Print all of the data below exactly as it appears, leaving out every image.
*** Source data ***
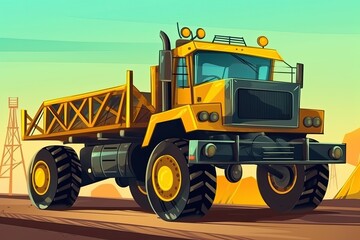 yellow dump truck driving through a desert landscape. Generative AI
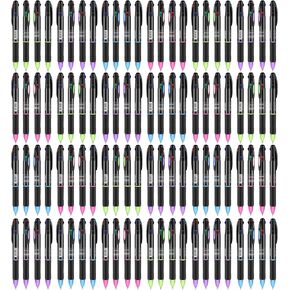 96 Pack 4 in 1 Multicolor Ballpoint Pen, 4 Color 0.7 mm Retractable Ballpoint Pens, Colored Multiple Tip, Gel Ink for Back to School Teacher Office Nurse Gift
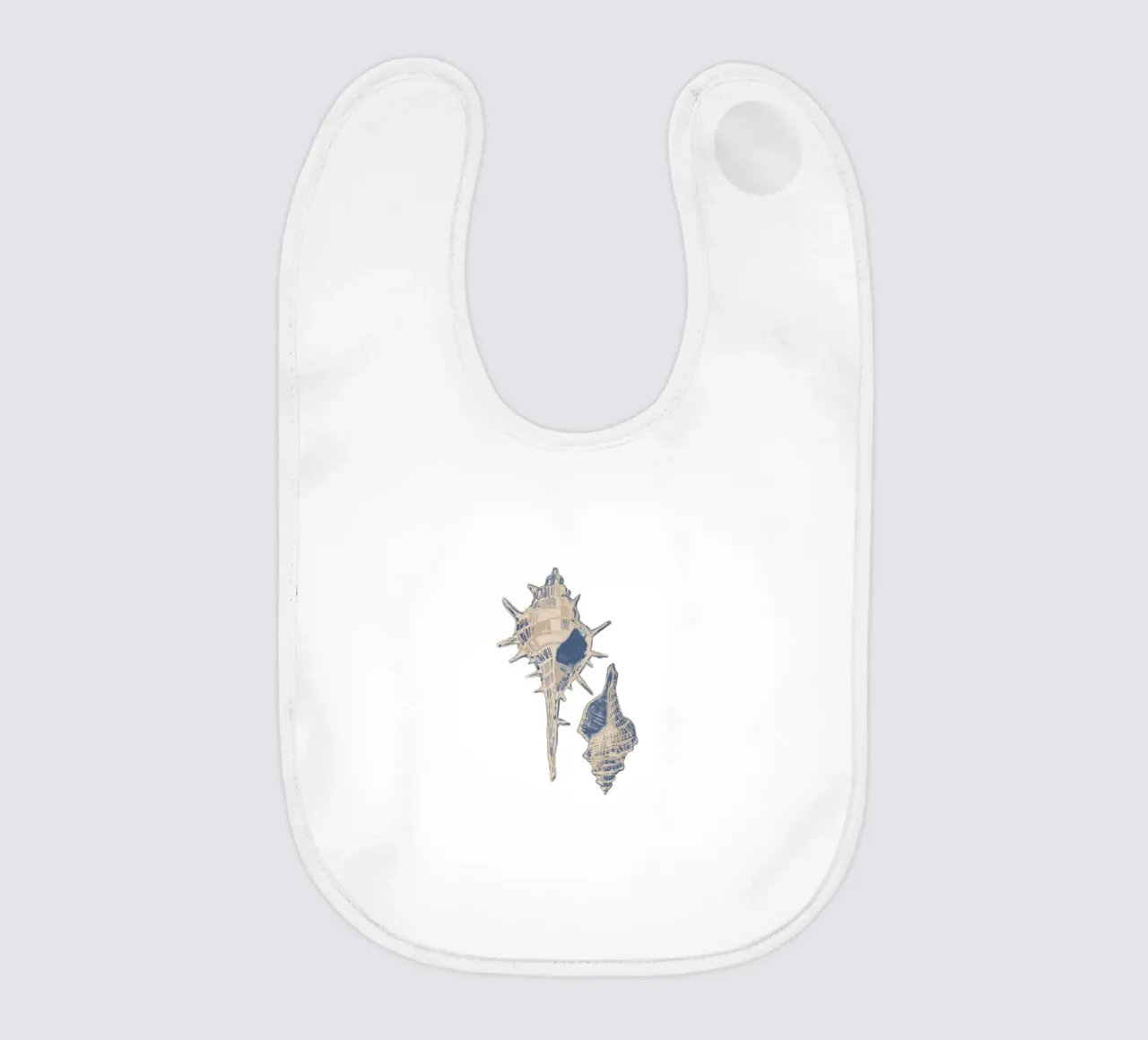 conchiglie blu e beige bavaglino da Art by Susana Miranda ilustración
*** End of Source data ***
Result of the exercise:
 yellow dump truck driving through a desert landscape. Generative AI
 96 Pack 4 in 1 Multicolor Ballpoint Pen, 4 Color 0.7 mm Retractable Ballpoint Pens, Colored Multiple Tip, Gel Ink for Back to School Teacher Office Nurse Gift
 conchiglie blu e beige bavaglino da Art by Susana Miranda ilustración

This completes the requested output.